鏡頭的最後,留下了于山那張因為緊張而扭曲的臉。
“action!”
“額……我能抽支菸麼?對著這玩意我緊張。”馬卡洛夫軍士長試探著問。
“謝謝。”馬卡洛夫點燃了香菸,連連吸了幾口之後,這才滿意地說:“好吧,讓我們開始。”

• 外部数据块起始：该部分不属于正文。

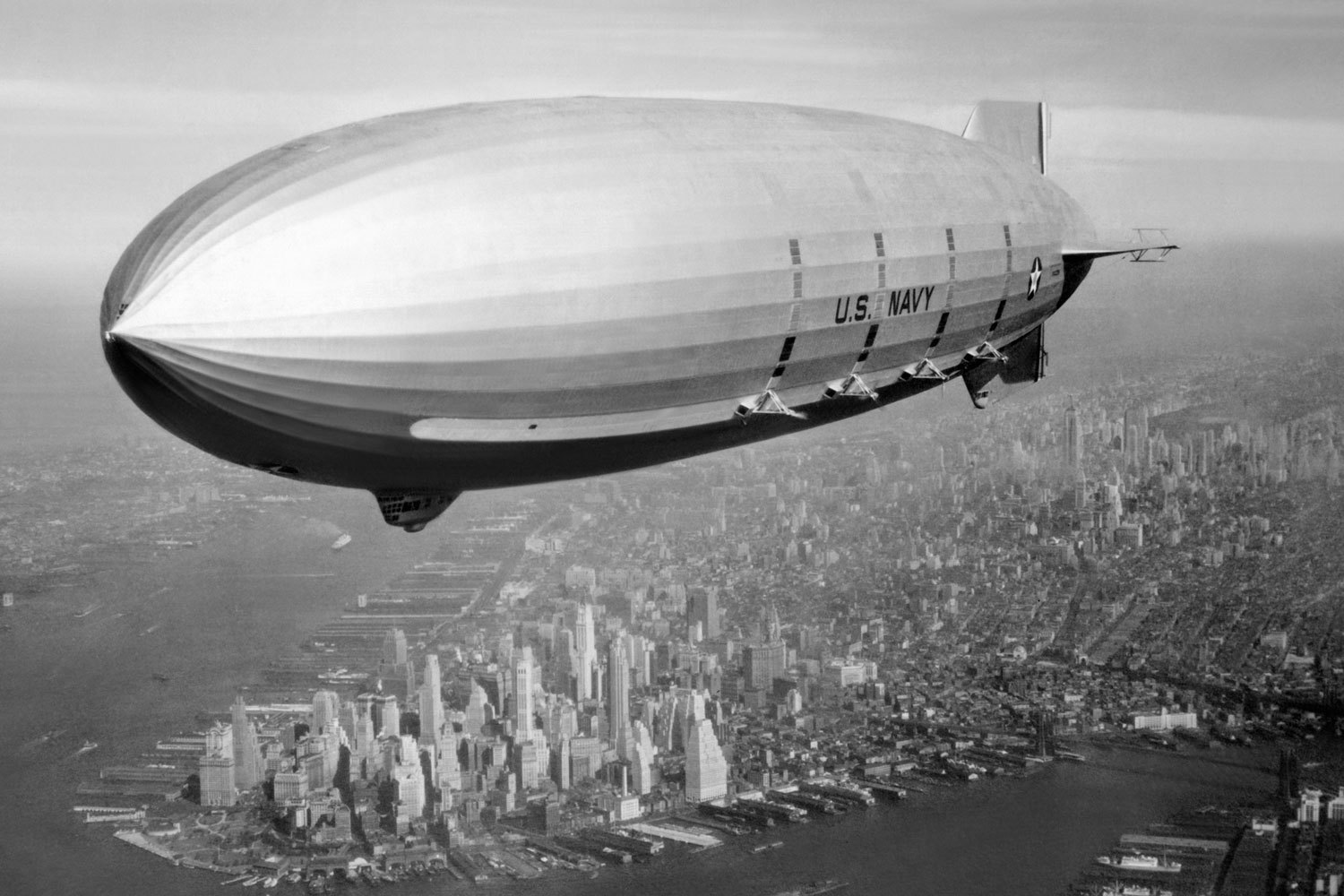 Zeppelin vs Blimp vs Dirigible: What's the Difference - InsideHook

“……明朝?我聽說過,那是一個富庶的地方……不,不不,我是來到澳洲之後才聽說的。但我對明朝毫不在乎。因為我是澳洲人,並且身為一名軍人,我只需要對自己的國家負責……對這次戰爭怎麼看?我不太知道五角大樓還有國會為什麼要讓我們跋涉上萬裡去明朝,然後跟一群韃靼人做作戰,但我會服從命令。因為軍人以服從命令為天職?”
“……啊,哈哈哈,是的,我結婚了。我的妻子是明朝移民……哈,你瞧,現在又多了一條與韃靼人作戰的理由。”
“……是的,我希望通過優異的表現獲得晉升。我希望退役的時候,至少是七級士官。然後我會拿著退休金去買一座牧場。你知道,我以前在波蘭的時候,最大的夢想就是有一座自己的農場……什麼?你不能吹毛求疵,農場跟牧場差不多。而且我妻子喜歡動物。尤其是羊駝!”
……
“action!”
“孫先生,聽說您以前是明朝的重要官員,請問您怎麼看待此次澳洲出兵?”
鏡頭前,孫傳庭面沉似水,一言不發。
“離開之前您是受人敬仰的督師,再回來,您確是黑水獨立團的中校指揮官,身份上的詫異,會不會讓您感覺不適應?”
孫傳庭冷哼一聲,乾脆閉起了眼睛。
“據我所知,明朝人都以為您死了,再次返回明朝,面對昔日同僚的詰問您該如何應對。”
“無可奉告!”孫傳庭終於開口了。只是答案顯然不是秋寒煙想要的。
“那上了戰場,您會怎麼對待滿清?”
孫傳庭猛然睜開眼睛,大吼道:“殺!殺!殺韃子!”
……
鏡頭前出現了喬肆那張並不英俊的臉孔。年輕的上尉靦腆中帶著謙恭回答著秋寒煙的問題:“……是的,我以及我的部下已經做好了參戰的準備。雖然他們當中大部分都是菜鳥。但這不是問題,我的責任就是告訴他們如何戰鬥。”
“……我不關心敵人是誰,上級命令我們該怎麼做,我們就怎麼做。但我想,一支幾乎沒有火器的軍隊,總不會比西班牙人更危險吧?”喬肆笑著說:“雖然他們的數量很恐怖。但數量並不能說明問題,傑瑞將軍的教案裡面說過,當火力密度遠遠超過兵力密度時,再多的兵力都是送死。我們會用實際行動告訴滿清,戰爭形勢已經發生了變化。他們要麼學會,要麼就被淘汰……”
“……啊,這個屬於私人問題了。是的,我結婚了,而且我的妻子已經懷孕了。”鏡頭前的喬肆春風滿面。
“……夫人,您難住我了。我當然希望是兒子,然後我希望兒子將來成為一名技工。參軍?不,參軍太危險了。在馬尼拉的時候,我差一點就死了……于山已經說過了?對,就是那次。”
“……最後了?時間過的真快,好吧。”喬肆深吸一口氣,衝著鏡頭微笑說:“我希望兒子將來生活的更好。多讀書認字……我還希望所有人都能平安回來。”
十分鐘後。
夕陽下,希望號上,所有被隨即抽選出來接受採訪的官兵聚集一堂,排成三排。彼此勾肩搭背,第一排蹲下,第二排彎腰,第三排站直了。
幾米開外,攝影師操弄著攝像機舉起閃光器:“看這裡,跟我喊茄子。一……二……三!”
“茄子!”所有官兵齊喊。
砰的一聲,閃光器發出猛烈的閃光。黑白底片上,將所有人記錄下來。